Otra Iglesia... en las formas
El perfil austero y renovador de Bergoglio matizado por detalles de su pasado y su ortodoxia refleja el histórico equilibrio del Vaticano, pero este no evita al Papa Francisco la exigencia de reforma interna y de actualización del catolicismo
LA elección de Jorge María Bergoglio como nuevo Papa y sucesor de Benedicto XVI presenta, al menos en cuanto a su aspecto formal, ingredientes que apuntarían a un cambio de rumbo de la Iglesia. Bergoglio no estaba entre quienes se anunciaban como posibles candidatos, por edad, 76 años cumplidos en diciembre, parecía descartado para suceder a Ratzinger; es el primer Papa latinoamericano, el primer pontífice jesuita y ha elegido regir la Iglesia católica con el nombre de Francisco, el reformador que al iniciarse el siglo XIII se enfrentó al status quo eclesial y a los cardenales para aprobar la regla de su nueva orden.

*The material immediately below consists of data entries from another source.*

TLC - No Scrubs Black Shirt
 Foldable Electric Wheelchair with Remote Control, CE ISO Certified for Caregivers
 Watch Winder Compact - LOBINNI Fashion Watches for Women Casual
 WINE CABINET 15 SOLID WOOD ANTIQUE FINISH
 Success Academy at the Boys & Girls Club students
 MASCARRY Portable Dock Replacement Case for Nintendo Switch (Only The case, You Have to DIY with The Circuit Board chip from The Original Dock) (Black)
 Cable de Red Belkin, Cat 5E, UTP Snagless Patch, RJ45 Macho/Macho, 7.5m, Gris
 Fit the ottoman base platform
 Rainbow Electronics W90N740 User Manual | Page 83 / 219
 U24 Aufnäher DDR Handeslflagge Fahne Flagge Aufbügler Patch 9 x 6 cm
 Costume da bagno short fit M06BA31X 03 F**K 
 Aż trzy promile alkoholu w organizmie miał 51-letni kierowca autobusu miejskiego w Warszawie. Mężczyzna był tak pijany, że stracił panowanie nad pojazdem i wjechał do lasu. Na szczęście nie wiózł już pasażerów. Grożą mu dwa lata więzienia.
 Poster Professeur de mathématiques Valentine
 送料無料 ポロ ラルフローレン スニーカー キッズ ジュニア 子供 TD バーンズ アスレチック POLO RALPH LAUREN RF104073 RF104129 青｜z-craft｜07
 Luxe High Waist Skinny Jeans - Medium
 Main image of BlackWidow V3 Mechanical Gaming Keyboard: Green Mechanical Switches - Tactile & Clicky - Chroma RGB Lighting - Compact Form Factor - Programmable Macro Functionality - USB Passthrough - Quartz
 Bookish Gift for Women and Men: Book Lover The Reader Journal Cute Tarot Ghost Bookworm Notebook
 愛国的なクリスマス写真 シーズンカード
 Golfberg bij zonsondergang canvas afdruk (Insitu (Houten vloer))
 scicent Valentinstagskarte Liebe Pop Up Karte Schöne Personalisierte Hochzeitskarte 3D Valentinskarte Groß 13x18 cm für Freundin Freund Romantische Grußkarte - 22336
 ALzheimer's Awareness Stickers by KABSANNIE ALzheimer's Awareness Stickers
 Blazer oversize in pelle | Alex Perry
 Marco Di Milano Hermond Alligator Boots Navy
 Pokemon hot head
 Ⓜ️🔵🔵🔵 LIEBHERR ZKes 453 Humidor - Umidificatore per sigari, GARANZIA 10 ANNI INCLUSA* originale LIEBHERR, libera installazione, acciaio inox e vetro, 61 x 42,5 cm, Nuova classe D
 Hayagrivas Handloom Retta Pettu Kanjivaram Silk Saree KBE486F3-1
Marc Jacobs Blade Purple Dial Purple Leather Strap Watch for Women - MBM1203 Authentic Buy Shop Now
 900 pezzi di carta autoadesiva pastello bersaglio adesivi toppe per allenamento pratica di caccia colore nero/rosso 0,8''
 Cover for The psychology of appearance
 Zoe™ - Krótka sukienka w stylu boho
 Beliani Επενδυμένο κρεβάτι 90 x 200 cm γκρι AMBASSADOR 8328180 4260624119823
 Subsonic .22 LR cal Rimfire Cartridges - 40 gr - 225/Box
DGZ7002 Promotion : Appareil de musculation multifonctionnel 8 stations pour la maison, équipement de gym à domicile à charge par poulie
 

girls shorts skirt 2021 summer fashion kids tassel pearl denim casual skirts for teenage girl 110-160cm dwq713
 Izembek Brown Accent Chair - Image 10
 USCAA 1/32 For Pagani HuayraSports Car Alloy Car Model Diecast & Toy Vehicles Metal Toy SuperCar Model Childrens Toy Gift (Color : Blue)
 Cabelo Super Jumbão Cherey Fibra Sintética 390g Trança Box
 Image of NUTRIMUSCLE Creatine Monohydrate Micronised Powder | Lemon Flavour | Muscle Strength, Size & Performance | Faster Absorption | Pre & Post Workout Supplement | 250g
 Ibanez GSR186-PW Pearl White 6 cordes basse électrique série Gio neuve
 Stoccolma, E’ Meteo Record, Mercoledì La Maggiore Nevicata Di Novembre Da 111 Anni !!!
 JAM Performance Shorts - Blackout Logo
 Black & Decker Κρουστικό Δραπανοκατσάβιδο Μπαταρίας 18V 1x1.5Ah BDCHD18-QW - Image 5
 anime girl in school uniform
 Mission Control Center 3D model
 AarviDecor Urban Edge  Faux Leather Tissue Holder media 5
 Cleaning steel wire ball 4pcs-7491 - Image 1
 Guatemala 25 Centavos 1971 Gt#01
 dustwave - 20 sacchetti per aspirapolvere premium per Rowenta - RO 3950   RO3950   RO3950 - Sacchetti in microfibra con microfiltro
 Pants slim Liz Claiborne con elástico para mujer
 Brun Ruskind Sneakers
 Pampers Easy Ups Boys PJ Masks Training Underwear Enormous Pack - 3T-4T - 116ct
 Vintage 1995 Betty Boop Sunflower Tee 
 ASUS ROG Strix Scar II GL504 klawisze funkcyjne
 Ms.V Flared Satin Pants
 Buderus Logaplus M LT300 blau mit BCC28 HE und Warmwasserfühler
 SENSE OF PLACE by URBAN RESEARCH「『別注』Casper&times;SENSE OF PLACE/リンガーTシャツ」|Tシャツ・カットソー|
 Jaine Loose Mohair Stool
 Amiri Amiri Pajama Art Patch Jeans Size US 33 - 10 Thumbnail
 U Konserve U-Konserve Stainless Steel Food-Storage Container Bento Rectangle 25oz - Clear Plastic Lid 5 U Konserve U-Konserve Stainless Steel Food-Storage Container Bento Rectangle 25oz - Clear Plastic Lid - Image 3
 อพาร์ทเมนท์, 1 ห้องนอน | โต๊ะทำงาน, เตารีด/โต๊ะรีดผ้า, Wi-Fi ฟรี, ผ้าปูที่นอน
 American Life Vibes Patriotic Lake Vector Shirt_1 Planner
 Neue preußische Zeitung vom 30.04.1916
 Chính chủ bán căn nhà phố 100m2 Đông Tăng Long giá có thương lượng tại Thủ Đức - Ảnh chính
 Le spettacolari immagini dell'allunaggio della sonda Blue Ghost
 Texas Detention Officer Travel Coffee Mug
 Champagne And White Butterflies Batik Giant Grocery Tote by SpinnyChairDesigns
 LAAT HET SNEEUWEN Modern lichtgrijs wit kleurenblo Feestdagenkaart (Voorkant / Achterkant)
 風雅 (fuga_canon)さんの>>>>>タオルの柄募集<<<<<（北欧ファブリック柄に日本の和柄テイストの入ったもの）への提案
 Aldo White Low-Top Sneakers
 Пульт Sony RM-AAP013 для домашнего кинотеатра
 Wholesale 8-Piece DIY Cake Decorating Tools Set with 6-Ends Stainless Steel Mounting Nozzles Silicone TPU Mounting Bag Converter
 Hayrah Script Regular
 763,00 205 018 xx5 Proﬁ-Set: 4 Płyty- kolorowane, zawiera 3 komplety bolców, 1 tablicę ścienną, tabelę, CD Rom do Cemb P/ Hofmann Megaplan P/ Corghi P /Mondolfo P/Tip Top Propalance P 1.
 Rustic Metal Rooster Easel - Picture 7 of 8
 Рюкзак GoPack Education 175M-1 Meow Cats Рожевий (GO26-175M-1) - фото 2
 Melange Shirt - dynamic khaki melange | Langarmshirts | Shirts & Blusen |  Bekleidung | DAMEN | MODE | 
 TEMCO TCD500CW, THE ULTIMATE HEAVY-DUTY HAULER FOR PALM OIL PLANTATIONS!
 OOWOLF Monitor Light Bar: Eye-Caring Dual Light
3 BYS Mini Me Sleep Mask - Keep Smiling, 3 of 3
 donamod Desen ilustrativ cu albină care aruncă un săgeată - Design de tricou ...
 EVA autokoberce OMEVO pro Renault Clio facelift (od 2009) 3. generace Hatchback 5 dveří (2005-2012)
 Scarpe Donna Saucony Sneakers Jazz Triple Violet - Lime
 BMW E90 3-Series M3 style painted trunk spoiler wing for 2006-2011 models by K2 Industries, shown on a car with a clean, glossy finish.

También ha sido el primero en atreverse a adoptarlo. Además, desde la elección de Benedicto XVI en 2005 se ha sostenido que Bergoglio, entonces el segundo cardenal con más apoyos, renunció facilitando la mayoría necesaria a Ratzinger; por lo que su elección ahora se podría entender asimismo como un intento de reparación por parte del cónclave tras el papado de Benedicto. Sin embargo, el perfil austero y renovador de Bergoglio también presenta un pasado ensombrecido por su ascenso en la Iglesia argentina durante la junta militar argentina y las acusaciones de cierta connivencia con aquel régimen junto a un presente dentro de la más estricta ortodoxia de la Iglesia, tanto en su presencia vaticana como en cuanto a sus posturas ante controversias que afectan al catolicismo. Sin ir más lejos, al enfrentarse duramente al Gobierno de Cristina Kirchner por la aprobación, en 2010, de la ley de matrimonio entre personas del mismo sexo. El Vaticano, en definitiva, ha sido fiel a su histórico minucioso equilibrio al optar por una elección que no despeja los interrogantes que se ciernen sobre el camino inmediato a emprender por la Iglesia y el catolicismo, lo que hubiera hecho en mucha más medida situando en el trono de Pedro a uno de los anunciados como papables. Pero dicho equilibrio no aparta del Papa Francisco el cáliz de la responsabilidad, la necesidad de responder a 1.200 millones de católicos más allá de esa labor de evangelización autoimpuesta como primordial desde sus primeras palabras. Porque la Iglesia precisa de una profunda reforma del gobierno vaticano y una actualización que debe ir mucho más allá de las formas en la elección de su 266º pontífice.